Atmosphere will take the stage at 6 p.m. Wednesday, Feb. 23, in The Sanford Center Ballroom, 1111 Event Center Drive N.E., Bemidji.
To their fans, the group is known as "legends" of the hip-hop genre. But family members of lead rapper "MC Slug" see him as Sean Daley, a husband, son-in-law and father.
Cyrus Pansch, group sales manager of The Sanford Center, said, "The upcoming show proves to be a ground breaking moment for Bemidji. Atmosphere is hands-down the most influential and pioneering hip-hop group Minnesota has yet produced."
Rhymesayers Entertainment and Jade have put together a "Welcome to Minnesota" tour which features DJ Abilities, Prof., Los Nativos and Gene Poole. The tour starts in Mankato and ends in Duluth, with a Bemidji stop tucked in between Mankato and St. Cloud.

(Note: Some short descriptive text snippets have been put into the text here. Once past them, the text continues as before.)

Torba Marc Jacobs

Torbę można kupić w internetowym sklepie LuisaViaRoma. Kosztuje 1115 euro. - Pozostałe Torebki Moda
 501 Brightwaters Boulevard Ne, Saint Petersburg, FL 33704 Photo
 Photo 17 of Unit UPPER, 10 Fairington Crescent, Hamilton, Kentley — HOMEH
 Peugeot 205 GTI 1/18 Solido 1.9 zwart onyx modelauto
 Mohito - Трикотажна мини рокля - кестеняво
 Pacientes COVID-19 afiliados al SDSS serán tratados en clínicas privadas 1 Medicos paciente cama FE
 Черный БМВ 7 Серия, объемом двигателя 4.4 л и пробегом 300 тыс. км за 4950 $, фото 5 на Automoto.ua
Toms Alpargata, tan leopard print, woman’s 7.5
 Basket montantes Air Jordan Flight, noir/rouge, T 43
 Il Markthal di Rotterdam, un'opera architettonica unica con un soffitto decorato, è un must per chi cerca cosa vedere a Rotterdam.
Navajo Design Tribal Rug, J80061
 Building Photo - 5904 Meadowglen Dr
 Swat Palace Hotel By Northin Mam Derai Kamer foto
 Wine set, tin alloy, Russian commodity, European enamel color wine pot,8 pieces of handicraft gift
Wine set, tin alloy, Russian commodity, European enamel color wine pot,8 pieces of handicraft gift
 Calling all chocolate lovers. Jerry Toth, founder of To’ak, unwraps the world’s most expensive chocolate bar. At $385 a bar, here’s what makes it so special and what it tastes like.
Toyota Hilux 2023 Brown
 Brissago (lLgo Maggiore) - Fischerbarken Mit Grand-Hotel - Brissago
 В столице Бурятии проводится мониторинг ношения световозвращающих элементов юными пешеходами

Daley's mother- and father-in-law, who live in Bemidji, will play host to MC Slug, who is married to their daughter, a Bemidji High School alumna. This will be the first time the in-laws will see Daley perform in Bemidji.
During a recent phone interview, Slug said he has had no formal music training but as a youngster, listened to the music his father played on the car radio. He grew up listening to "Prince" and "Earth, Wind and Fire," but said the progression to hip-hop or rap was natural because it is youth-oriented. He went on to say hip -hop related to him more than it did to his parents.
He and his partners, Erick "Ant" Anderson on keyboard and guitarist Nate Collins, have a new album coming out in April titled "The Family Sign." It is said to be proof that hip-hop has the potential to discuss life's virtues and disappointments. Slug is known for his ability to reach his listeners as he touches upon life's challenges: loss, love, fatherhood, disappointment and joy.
"There were a lot of kids my age who related to hip-hop even if they weren't from New York," Slug said.
The origins of modern hip-hop are said to have started in the African-American neighborhoods in the South Bronx in the 1970s. It seems to stem from a tradition of youthful boasting and spontaneous rhyming set to rhythm. Further, the terms "hip" and "hop" are from two words in African-American Vernacular English (Ebonics). "Hip" meaning "in the know" and "hop" for the movement. The birthplace of the American genre is said to have been at 1520 Sedgwick Ave. in the Bronx, N.Y.
Disc jockeys created rhythmic beats by looping breaks or portions of percussive patterns on two turn tables. Later a chant or poetry was added usually in 16 bar measures accompanied by vocals used to simulate percussive segments of the music among other technical effects.
"Once I learned how to do this, I realized that a turn table is an instrument, and I could say that I played an instrument," Slug said. "I strive to learn and keep my moral compass, and it's not a far cry for me to say that some of my music is cathartic, even though when people first said that to me, I had to look up what the word meant."
Slug said he looks to connect because the message is universal and not toward a particular demographic. He said the message still remains, "You can work yourself out of this; you can build something out of nothing. You can go to a party and forget that you can't pay your light bill. The rockers that these people look up to all say you can do it too! Art is usually made by the poor and consumed by the rich."
Slug said rap is an exposé of street life and there was a natural progression to Gangsta Rap as the performers told of life in the ghetto and violence on the streets - drugs, weapons, misogyny or violence.
"The movement behind this actually encourages urban youth to do something for themselves, and it is amazing how this has grown in the past 40 years," added Slug. "It's take pride in yourself even if you are down and out. It's not just a type of music, there's a lot going on behind it."
Slug promises an event that all can relate to in their daily lives.
Tickets are $21 each and are available at the box office and on-line at Ticketmaster.com or Jadepresents.com.